No, the human element often throws in a curve ball, just because we are such fallible creatures.
Take, for instance, the findings of a recent OnePoll survey that discovered that Brits (and, by extension, pretty well everyone, presumably) are prone to sending the most inappropriate messages, without any help from the bad guys.
Sex and tea. Forget the crumpets
The poll, which is accompanied by an interesting infographic, makes for some pretty stark reading, debunking the notion that being a nation of tea drinkers somehow makes us boring – sober or otherwise, nigh on 70% of Blighty’s residents regularly send messages to the wrong person (interestingly, only 40% of those polled were receiving messages intended for someone else – so somebody out there must feel like they are being trolled big time!)
OnePoll offers up some pretty humourous examples of misdirected messages including a serial dater looking for “sausage” –
The woman who received a message on a dating website asking if she had been on the site for long and replied – or so she thought – “I’ve been on this for ages, no luck yet though”. It was autocorrected to “I’ve been on this for sausage, no luck yet though”
– and a randy(?) lottery player –
The worker who texted a colleague about the Lottery, meaning to say “I want six all the time”
But it’s not all about sex here in Britain, as the poll of 2,000 discovered.
For some people, the consequences of their loose messaging habits have led to a less satisfying outcome, with 1 in 3 wayward messages leading to a blazing row. And about 10% of incorrect recipient communications have ended with neither party ever speaking to the other again.
Think that sounds pretty bad?
Well, for some it ends up a whole lot worse – one in ten of those polled admitted that the sending of an inappropriate message, risque joke or, erm, revealing pic, to their boss had culminated in the termination of their employment (just ask the ex-head of RBS’ investment Bank).
The survey revealed that people are most likely to send emails to the wrong people via text message, followed by desktop email, smartphone email, tablet email and WhatsApp.
As for who receives all these messages, the survey says co-workers cop the majority, followed by mothers, bosses, sisters and fathers.
A OnePoll spokesman said:
The results of our survey show that it always pays to double-check the message – and the recipient – before pressing ‘send’.
A split-second’s carelessness can cause huge embarrassment and can lead to bust-ups with friends, family or work colleagues.
We live in a fast-moving age but it pays to take a moment to review the message before pressing the button.
But what can we learn from a security perspective?
The obvious take away here is that humans are almost always the weak point in any process. Some of us are stupid, some careless, others are busy or otherwise not fully engaged in what we are doing.
Whatever the reason, mistakes are made, and no security policy is likely to change that. Sure, having rules in place to control who your employees can and cannot send messages to with your company’s assets are useful in terms of focusing minds, and offering a formal avenue for corrective action to be taken as and when deemed necessary.
But that won’t eliminate mistakes, at least not completely.
A BYOD policy may also be useful for much the same reasons as above, but that is just as fallible to human failings too.
The answer, therefore, is to take a different approach.
Building a culture of security within your organisation and ensuring your team has a general level of awareness is likely to be more effective.

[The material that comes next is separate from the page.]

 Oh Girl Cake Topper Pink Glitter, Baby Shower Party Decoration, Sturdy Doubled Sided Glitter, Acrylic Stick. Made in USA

And, by highlighting how some of the OnePoll respondents sent messages that derailed their careers, or caused issues in their private lives, the message may have a better chance of sticking in their minds.

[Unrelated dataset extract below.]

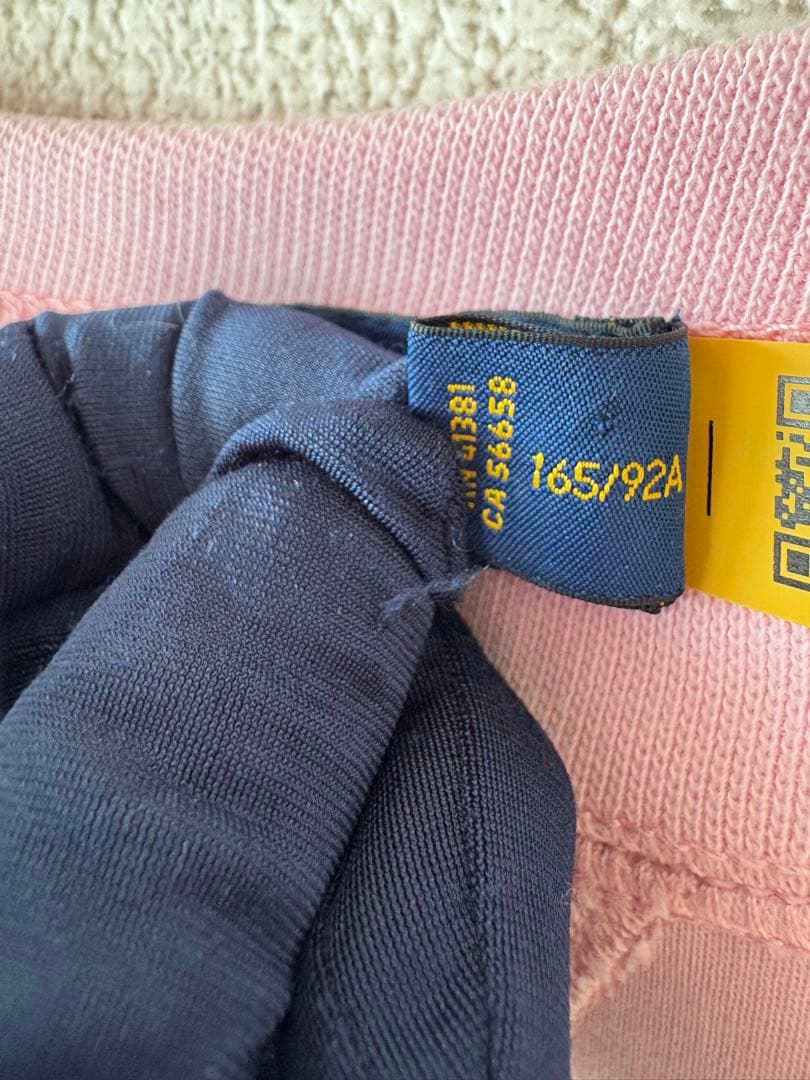 美品 POLO RALPH LAUREN ロゴ刺繍 スウェット ピンク Mサイズ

After all, who would want to be the sender of this message?
I accidentally sent a text to my boss asking him why he hired the fat ugly old woman, only to find out it was his wife.
And, knowing they had a security-conscious type of boss, none of your employees would want to rely on the following to cover their backsides, would they?
I sent a picture of my boobs to my boss by mistake and then tried to cover up by pretending my email address must have been hacked.